Bei Gesprächen sollte man besonders einfühlsam sein und versuchen Sie nicht zu werten. Der Selbstwert der Jugendlichen ist ohnehin meist angekratzt. Zeigen Sie viel Verständnis, auch wenn es schwer fällt. In einem Gespräch bei dem man sie als gleichwertigen Gesprächspartner akzeptiert, kann man meist viel erreichen. Logische, begründete Regeln können gemeinsam erarbeitet werden und werden dann auch angenommen. Eine gute Methode ist die Familienkonferenz. Dabei setzten sie sich gemeinsam zusammen und besprechen Dinge, die sie belasten oder bewegen. Jeder kann seine Wünsche äußern und sagen was Ihn stört. Allerdings auf eine respektvolle und wohlwollende Art. Die anderen hören zu und dürfen im Anschluss auch Ihres dazu beitragen.

In diesem speziellen Fall würde man darlegen, warum man nicht möchte, dass das Kind stundenlang unkontrolliert vor dem PC sitzt und der Teenager umgekehrt warum Ihm das so wichtig ist. Dann wird über eine angemessene Zeitspanne verhandelt. Auch die Konsequenzen werden gleich festgelegt, wenn die Zeit überschritten wird und wo der Laptop nach Gebrauch aufbewahrt werden soll. Hören Sie auf die Vorschläge ihres Kindes. Oft kommen von den Jugendlichen sehr brauchbare, realistische und oft strenge Regelungen.

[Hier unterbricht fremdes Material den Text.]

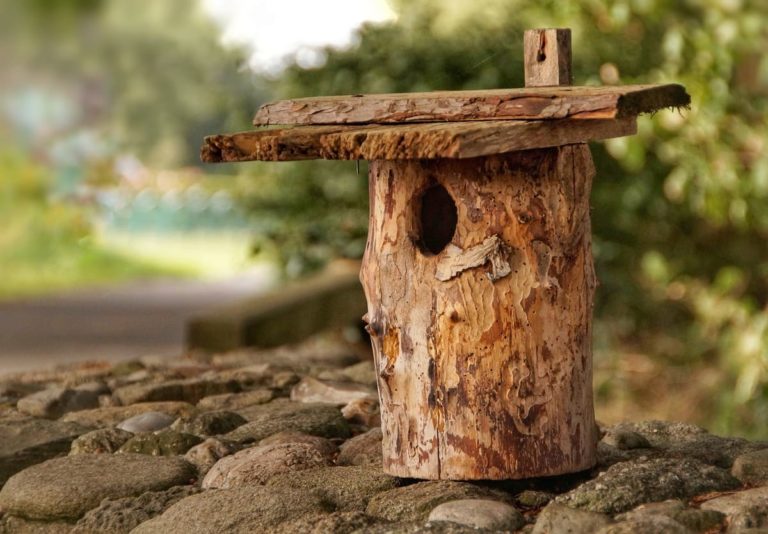 cabane à oiseaux en bois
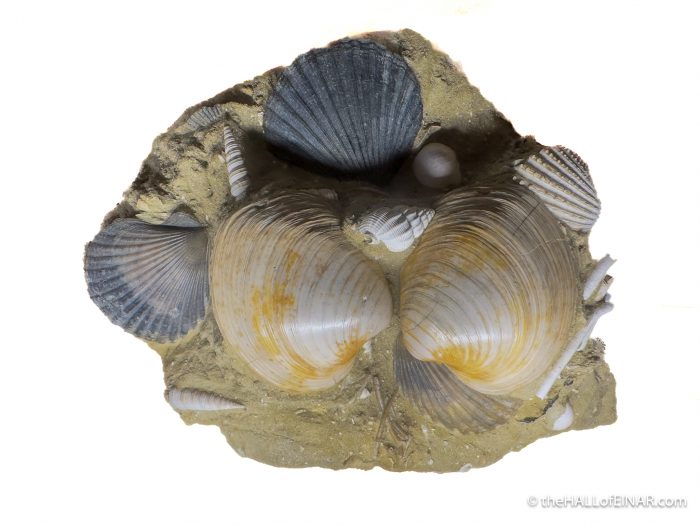 Molluscs - Venice - The Hall of Einar - photograph (c) David Bailey (not the)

Es wäre möglich, dass zusätzlich ein Wochenkontingent festgelegt wird, dass nicht überschritten werden darf. Wird die Zeit mehrmals überschritten kommt der Laptop für einige Zeit weg. Die Zeit läuft sobald der PC eingeschaltet ist. Am Besten fixiert man die Details schriftlich. Das verhindert ständiges diskutieren. Nach ein paar Wochen kann man sich wieder zusammen setzen und wenn nötig nach verhandeln. Es ist notwendig konsequent zu bleiben und sich auch selber an die festgelegten Regeln zu halten. Innerhalb dieser Grenzen sollte man sich dann auch nicht einmischen.

Diese Methode ist generell sehr brauchbar. Es müssen nicht immer Verträge geschlossen werden, aber es macht einen respektvollen Umgang und ein gemeinsames Entscheiden möglich.